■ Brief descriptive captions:
====
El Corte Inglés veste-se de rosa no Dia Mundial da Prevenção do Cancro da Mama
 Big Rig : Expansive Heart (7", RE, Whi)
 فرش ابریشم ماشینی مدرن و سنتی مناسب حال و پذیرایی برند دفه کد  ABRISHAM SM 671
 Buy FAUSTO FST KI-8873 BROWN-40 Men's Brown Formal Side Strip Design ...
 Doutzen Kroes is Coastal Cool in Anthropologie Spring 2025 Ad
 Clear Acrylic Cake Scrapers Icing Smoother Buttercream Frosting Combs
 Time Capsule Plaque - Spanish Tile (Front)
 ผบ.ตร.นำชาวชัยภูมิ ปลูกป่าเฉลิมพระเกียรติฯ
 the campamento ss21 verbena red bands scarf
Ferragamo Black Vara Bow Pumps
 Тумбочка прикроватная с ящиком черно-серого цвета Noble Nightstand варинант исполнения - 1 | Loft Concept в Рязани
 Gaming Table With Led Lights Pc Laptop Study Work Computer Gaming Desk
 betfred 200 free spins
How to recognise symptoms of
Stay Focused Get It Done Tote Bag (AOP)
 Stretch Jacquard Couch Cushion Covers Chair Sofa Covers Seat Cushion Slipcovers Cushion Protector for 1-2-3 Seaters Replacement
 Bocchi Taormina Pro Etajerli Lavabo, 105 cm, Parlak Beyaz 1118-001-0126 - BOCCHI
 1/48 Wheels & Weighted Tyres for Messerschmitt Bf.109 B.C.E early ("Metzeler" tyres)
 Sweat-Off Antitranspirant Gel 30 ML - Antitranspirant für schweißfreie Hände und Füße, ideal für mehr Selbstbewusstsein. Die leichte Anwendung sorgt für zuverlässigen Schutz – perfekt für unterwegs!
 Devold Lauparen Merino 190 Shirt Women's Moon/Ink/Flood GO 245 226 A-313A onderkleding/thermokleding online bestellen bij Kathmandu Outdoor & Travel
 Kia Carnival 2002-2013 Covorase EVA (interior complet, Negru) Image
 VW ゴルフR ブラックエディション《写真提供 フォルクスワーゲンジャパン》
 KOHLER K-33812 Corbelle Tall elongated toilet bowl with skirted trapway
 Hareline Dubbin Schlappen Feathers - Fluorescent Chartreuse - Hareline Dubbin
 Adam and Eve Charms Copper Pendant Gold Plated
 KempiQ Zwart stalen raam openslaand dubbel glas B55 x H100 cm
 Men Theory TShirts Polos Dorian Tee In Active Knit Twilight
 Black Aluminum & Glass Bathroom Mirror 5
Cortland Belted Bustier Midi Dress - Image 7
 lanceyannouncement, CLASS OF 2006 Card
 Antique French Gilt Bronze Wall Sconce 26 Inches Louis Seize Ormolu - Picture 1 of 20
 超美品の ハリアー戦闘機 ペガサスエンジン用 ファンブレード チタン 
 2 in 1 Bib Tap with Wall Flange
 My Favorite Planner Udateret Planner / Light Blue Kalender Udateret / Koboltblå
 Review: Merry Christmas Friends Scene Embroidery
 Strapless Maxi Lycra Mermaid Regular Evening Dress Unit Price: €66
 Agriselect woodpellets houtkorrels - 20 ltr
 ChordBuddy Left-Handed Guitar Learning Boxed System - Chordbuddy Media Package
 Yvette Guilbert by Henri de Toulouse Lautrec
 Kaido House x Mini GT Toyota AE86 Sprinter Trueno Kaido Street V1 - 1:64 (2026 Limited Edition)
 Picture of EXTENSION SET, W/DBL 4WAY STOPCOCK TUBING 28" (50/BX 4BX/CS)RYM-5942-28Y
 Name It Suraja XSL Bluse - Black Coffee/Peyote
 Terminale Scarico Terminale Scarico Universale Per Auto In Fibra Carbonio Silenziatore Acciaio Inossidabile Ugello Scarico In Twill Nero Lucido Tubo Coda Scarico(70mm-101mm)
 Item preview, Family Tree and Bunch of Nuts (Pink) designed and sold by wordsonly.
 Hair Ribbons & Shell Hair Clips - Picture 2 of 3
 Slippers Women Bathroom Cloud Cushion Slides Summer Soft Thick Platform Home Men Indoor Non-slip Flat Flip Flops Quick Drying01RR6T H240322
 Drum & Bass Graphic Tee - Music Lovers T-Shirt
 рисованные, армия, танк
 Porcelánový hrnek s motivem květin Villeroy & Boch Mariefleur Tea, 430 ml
====
■ Description of the task:
With the first line being the one containing "Time Capsule Plaque - Spanish Tile (Front)" and the last line the one containing "Strapless Maxi Lycra", transcribe exactly the lines above that fall in that range.

■ Task solution:
 Time Capsule Plaque - Spanish Tile (Front)
 ผบ.ตร.นำชาวชัยภูมิ ปลูกป่าเฉลิมพระเกียรติฯ
 the campamento ss21 verbena red bands scarf
Ferragamo Black Vara Bow Pumps
 Тумбочка прикроватная с ящиком черно-серого цвета Noble Nightstand варинант исполнения - 1 | Loft Concept в Рязани
 Gaming Table With Led Lights Pc Laptop Study Work Computer Gaming Desk
 betfred 200 free spins
How to recognise symptoms of
Stay Focused Get It Done Tote Bag (AOP)
 Stretch Jacquard Couch Cushion Covers Chair Sofa Covers Seat Cushion Slipcovers Cushion Protector for 1-2-3 Seaters Replacement
 Bocchi Taormina Pro Etajerli Lavabo, 105 cm, Parlak Beyaz 1118-001-0126 - BOCCHI
 1/48 Wheels & Weighted Tyres for Messerschmitt Bf.109 B.C.E early ("Metzeler" tyres)
 Sweat-Off Antitranspirant Gel 30 ML - Antitranspirant für schweißfreie Hände und Füße, ideal für mehr Selbstbewusstsein. Die leichte Anwendung sorgt für zuverlässigen Schutz – perfekt für unterwegs!
 Devold Lauparen Merino 190 Shirt Women's Moon/Ink/Flood GO 245 226 A-313A onderkleding/thermokleding online bestellen bij Kathmandu Outdoor & Travel
 Kia Carnival 2002-2013 Covorase EVA (interior complet, Negru) Image
 VW ゴルフR ブラックエディション《写真提供 フォルクスワーゲンジャパン》
 KOHLER K-33812 Corbelle Tall elongated toilet bowl with skirted trapway
 Hareline Dubbin Schlappen Feathers - Fluorescent Chartreuse - Hareline Dubbin
 Adam and Eve Charms Copper Pendant Gold Plated
 KempiQ Zwart stalen raam openslaand dubbel glas B55 x H100 cm
 Men Theory TShirts Polos Dorian Tee In Active Knit Twilight
 Black Aluminum & Glass Bathroom Mirror 5
Cortland Belted Bustier Midi Dress - Image 7
 lanceyannouncement, CLASS OF 2006 Card
 Antique French Gilt Bronze Wall Sconce 26 Inches Louis Seize Ormolu - Picture 1 of 20
 超美品の ハリアー戦闘機 ペガサスエンジン用 ファンブレード チタン 
 2 in 1 Bib Tap with Wall Flange
 My Favorite Planner Udateret Planner / Light Blue Kalender Udateret / Koboltblå
 Review: Merry Christmas Friends Scene Embroidery
 Strapless Maxi Lycra Mermaid Regular Evening Dress Unit Price: €66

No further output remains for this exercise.